Kraft Chief Executive Bernardo Hees said the company's profits were insufficient because they did not provide sufficient cost savings.

"For this, we assume full responsibility," he said Thursday during a call to investors and analysts.

The huge depreciation seems to come from a change in consumer consumption pattern, which favors fresh produce over processed products. The write-down reduced the balance sheet value of US and Canadian operations and the brands Kraft and Oscar Mayer, the company said.

Kraft and Heinz, two pillars of the grocery aisles, merged in 2015 as part of an agreement combining the investments of 3G Capital, a Brazilian private investment group, and Warren E. Buffett's Berkshire Hathaway. Together, the two investment firms held nearly half of Kraft Heinz at the end of last year. Buffett left the company's board last year.
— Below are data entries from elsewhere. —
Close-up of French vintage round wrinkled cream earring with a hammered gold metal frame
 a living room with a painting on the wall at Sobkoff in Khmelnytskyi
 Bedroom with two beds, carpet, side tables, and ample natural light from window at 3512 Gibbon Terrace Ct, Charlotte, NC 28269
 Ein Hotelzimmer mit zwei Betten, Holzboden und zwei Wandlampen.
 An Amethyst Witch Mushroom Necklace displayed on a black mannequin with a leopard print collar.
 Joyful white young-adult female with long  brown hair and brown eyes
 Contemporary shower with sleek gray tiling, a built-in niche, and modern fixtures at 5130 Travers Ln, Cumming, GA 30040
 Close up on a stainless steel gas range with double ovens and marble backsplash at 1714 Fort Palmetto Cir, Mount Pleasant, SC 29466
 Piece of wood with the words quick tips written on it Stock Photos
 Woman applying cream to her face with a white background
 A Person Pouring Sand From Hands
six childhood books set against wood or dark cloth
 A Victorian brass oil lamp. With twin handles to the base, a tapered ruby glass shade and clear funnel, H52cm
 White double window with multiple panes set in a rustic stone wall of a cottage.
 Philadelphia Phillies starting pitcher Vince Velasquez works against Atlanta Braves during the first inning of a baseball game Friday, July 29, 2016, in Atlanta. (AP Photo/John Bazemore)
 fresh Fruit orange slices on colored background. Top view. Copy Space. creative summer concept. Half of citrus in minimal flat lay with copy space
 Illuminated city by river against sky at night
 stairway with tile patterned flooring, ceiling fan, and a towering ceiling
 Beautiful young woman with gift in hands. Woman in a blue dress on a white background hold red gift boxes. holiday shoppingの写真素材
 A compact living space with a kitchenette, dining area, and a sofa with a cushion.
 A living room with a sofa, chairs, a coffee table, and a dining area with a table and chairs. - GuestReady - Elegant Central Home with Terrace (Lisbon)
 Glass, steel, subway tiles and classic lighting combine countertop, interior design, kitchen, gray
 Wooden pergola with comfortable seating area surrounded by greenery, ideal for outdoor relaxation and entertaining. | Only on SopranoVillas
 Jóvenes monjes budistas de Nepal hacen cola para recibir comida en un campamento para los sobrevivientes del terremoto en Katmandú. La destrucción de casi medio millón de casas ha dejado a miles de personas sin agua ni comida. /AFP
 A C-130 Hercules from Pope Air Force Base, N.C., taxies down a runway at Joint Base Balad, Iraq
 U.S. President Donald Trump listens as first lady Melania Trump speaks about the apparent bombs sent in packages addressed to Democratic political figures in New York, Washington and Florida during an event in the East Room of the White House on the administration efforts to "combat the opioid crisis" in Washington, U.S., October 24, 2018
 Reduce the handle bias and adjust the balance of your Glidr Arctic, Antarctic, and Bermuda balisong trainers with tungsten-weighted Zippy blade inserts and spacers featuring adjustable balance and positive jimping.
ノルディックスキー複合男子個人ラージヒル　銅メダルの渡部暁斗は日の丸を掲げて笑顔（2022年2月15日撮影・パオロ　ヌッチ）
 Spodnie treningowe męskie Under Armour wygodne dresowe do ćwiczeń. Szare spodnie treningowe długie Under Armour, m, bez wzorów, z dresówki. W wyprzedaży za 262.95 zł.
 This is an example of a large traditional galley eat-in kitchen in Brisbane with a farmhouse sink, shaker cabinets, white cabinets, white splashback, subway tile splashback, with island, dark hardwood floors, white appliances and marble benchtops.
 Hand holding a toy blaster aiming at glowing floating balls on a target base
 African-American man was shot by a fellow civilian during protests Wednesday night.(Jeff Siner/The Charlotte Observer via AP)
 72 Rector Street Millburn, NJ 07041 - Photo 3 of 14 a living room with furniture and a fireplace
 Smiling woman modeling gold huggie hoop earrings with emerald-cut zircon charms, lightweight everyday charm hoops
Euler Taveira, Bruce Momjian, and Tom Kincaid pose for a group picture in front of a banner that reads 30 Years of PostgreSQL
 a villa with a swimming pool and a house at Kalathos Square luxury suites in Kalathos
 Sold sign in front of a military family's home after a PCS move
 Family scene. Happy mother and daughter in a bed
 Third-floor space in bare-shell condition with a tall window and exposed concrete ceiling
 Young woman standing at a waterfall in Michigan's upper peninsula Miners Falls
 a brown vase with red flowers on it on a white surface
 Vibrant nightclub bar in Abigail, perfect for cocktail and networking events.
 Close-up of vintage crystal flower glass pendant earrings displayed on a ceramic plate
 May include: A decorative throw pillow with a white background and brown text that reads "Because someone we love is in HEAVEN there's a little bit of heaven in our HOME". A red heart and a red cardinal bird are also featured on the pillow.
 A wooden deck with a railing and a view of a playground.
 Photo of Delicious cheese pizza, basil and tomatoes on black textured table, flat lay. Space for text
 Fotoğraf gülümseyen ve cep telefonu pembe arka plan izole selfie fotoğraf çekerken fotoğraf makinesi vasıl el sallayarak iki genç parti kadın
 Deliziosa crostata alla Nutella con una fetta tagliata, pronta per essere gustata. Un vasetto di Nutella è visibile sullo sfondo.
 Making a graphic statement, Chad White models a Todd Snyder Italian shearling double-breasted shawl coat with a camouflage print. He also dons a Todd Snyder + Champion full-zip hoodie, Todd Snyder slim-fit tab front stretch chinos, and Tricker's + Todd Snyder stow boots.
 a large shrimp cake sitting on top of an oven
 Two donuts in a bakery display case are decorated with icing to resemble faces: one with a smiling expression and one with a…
But society has had to deal with both the changing tastes of buyers and the reduction of costs. On this latter issue, the in-depth review of the S.E.C could add to investor concerns.

Kraft Heinz said the regulator had considered "agreements, side agreements, as well as changes or modifications to its agreements with its suppliers". With external accounting and legal consultants, Kraft conducted an investigation to record a $ 25 million increase in costs in the fourth quarter. The company said it should have saved $ 25 million from previous periods.

Kraft Chief Financial Officer David H. Knopf said during the investor call that this anomaly "is not material to our current and prior year financial statements".

Kraft said it would make changes to reduce the risk of making similar accounting mistakes in the future, adding that she continued to cooperate with the board.

3G Capital is well known for its reduced costs from the companies it owns. On Thursday, an analyst asked Mr. Hees whether the tightening of Kraft's belt had gone too far and was now damaging some of its most prominent brands.

"We continue to firmly believe that our model is working and has a lot of potential for the future," said Hees.